Introduction to Patent Law

Patents provide an owner with a government issued limited monopoly with rights to stop others from making, using, or selling the invention for a fixed period of time. To obtain this limited monopoly, an inventor must disclose to somebody of ordinary skill in the pertinent art how to make or use the invention without undue experimentation. Patents serve as a reward to the inventor, as well as to encourage innovation. The ultimate goal is that by granting monopoly rights for a limited period of time, the public will be able to use this information for the public's benefit after the patent rights expire.

Two Main Types of Patents

Inventions are typically filed as either a utility patent application or a design patent application. Utility patents can protect the structure and function of the invention, whereas a design patent protects the ornamental configuration or surface decoration. In many cases, utility and design patents can be used together to create different legal rights. Many companies will typically start with utility applications before filing design patents, or filing many applications in unison.

Utility Patent

Utility patents expire 20 years after the date the application from the date of first filing, including those utility patents that claim a benefit to an earlier filed application. In many cases, the effect of a company's patent portfolio is felt long after the patents expire because the company will have gained market shares and brand recognition over the 20 year period.
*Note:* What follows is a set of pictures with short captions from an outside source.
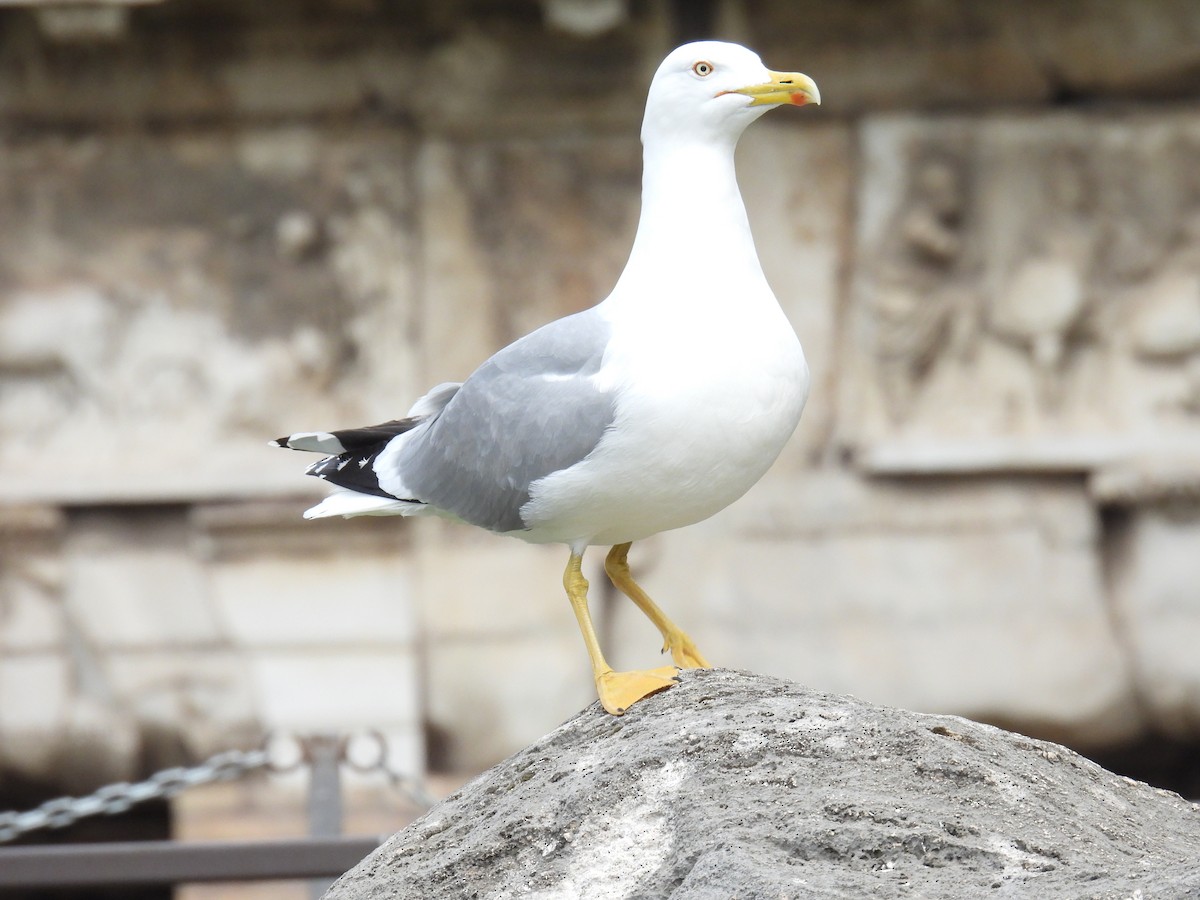 Yellow-legged Gull - Eduardo Rafael  Lázaro Arroyo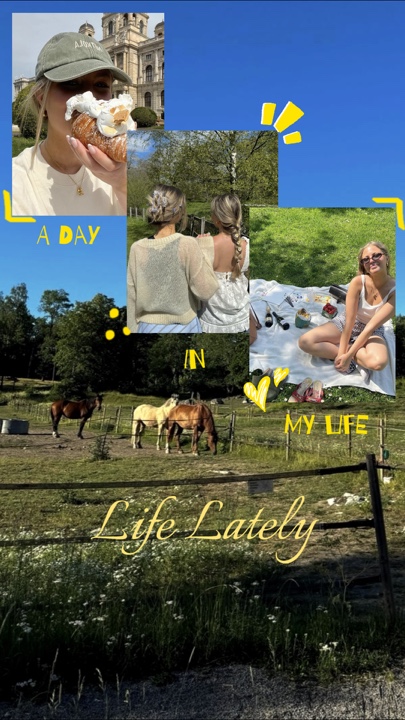 Daily Recap 4 pics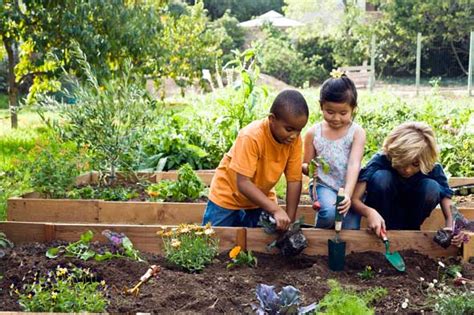 Garden Themes For Toddlers How To Garden With Young Kids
Utility patent applications include provisional patent applications and non-provisional patent applications. Provisional patent applications are considered to be less formal than a non-provisional patent application at least because they do not require patent claims. In addition, a provisional patent will not be examined by the patent office. Instead, the inventor must later file a non-provisional patent application, which will then place the invention in line at the USPTO for examination.

Provisional patent applications are helpful when the idea needs development or refinement. In many cases, a final product will differ substantially for your prototype or idea at the beginning of the patent process. The provisional patent application is a tool that will provide a full year to develop your product, and in many other cases, seek seed funding from investors, before filing a non-provisional patent.

Design Patent

Design patents expire 14 years from the date of issuance. A patent attorney can extend the life of a design patent by properly claiming benefit to one or more non-provisional patent applications.

The ornamental design may be embodied in an entire or particle, but it can also be embodied by only a portion of an article or simply ornamentation applied to an article. Ghost lines can be used to claim surface ornamentation. While design patents can have multiple embodiments, design applications only include a single claim. Therefore, if there is no apparent relationship between two or more articles, then the embodiments must be filed in separate applications. For example, two embodiments of a chair with minimal differences in the configurations may be filed in a single application, whereas two embodiments of a chair with distinct appearances must be filed in separate design patent applications.